Well, the Bill allows the Charedi community to prove those assertions to the local authority. What’s the problem? If the homeschooling is solid, as Mr Cohen says, then why not bring it into the schools? If the paid teachers lack the skills, the parents can have a rota. More time for everyone. More fun for the children.
Rabbi Gratt’s problem is different. He says it is unfair for the state to dictate what a lawful education is for a Jewish child, and the state should recognise the traditional yeshivah method of teaching, “which is older than the English state itself”. He proposes that no one acts unless the child is referred under existing powers.
That sounds like a “no” both to secular studies, and any state-imposed values. It is also factually dubious – perhaps 1066 isn’t on the home-education radar. And, without a register of children not at school, referral is both almost impossible, and arbitrary.
On that basis, Rabbi Gratt will lose a legal challenge. In 1985, the Court said a religious minority would provide a “suitable education” if it equipped children for life in their own community, and if they left. “Suitable” will now be assessed against the aims of the Bill.

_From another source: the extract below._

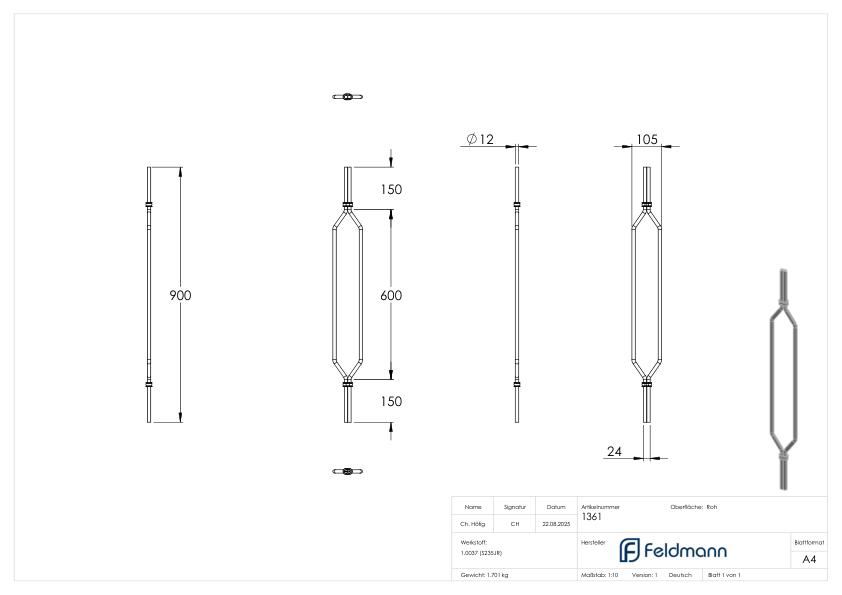 Designstab Ø 12mm, H: 900mm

In 2005, the Court stopped Christians who believed in corporal punishment from thrashing children in school, because the child’s human rights included what the state saw as a minimum standard of behaviour, which the state would impose on adults, whether they liked it or not. That marked the increasing recognition that children should be protected: from abuse by safeguarding standards; and now, from a lack of success by imposing minimum standards on secular education.
So, in my view, empowering the ability to leave will be key. Research carried out by Nahamu, which campaigns against religious extremism, suggested the majority of boys in Chasidic yeshivot (girls can learn secular subjects) aren’t being taught secular subjects. Some aren’t even being taught English. Yet any Charedi adult wishing to live outside their community must learn new skills, new ways of thinking, new concepts.
That requires knowledge. As a long-time learner, I agree that Talmud equips you to learn. But it doesn’t teach the substantive knowledge required. The Act will ensure that knowledge is taught.
Doing so does not, in my opinion, breach parental rights. There is no right to choose a curriculum which disadvantages a child unless he stays in his community.
It seems to me that both Rabbi Gratt and Mr Cohen, fearing the education system might ultimately empower children to leave the Charedi world, are really arguing for a right to control children. But the success the Bill aims for – whilst it may well include material well-being, happiness, religious obligation and lots of other issues, as well as secular education – is not achieved when in Bruce Springsteen’s words: “They bring you up to do just like your Daddy done”. If the Charedi world wants its people to stay, it will have to win the argument.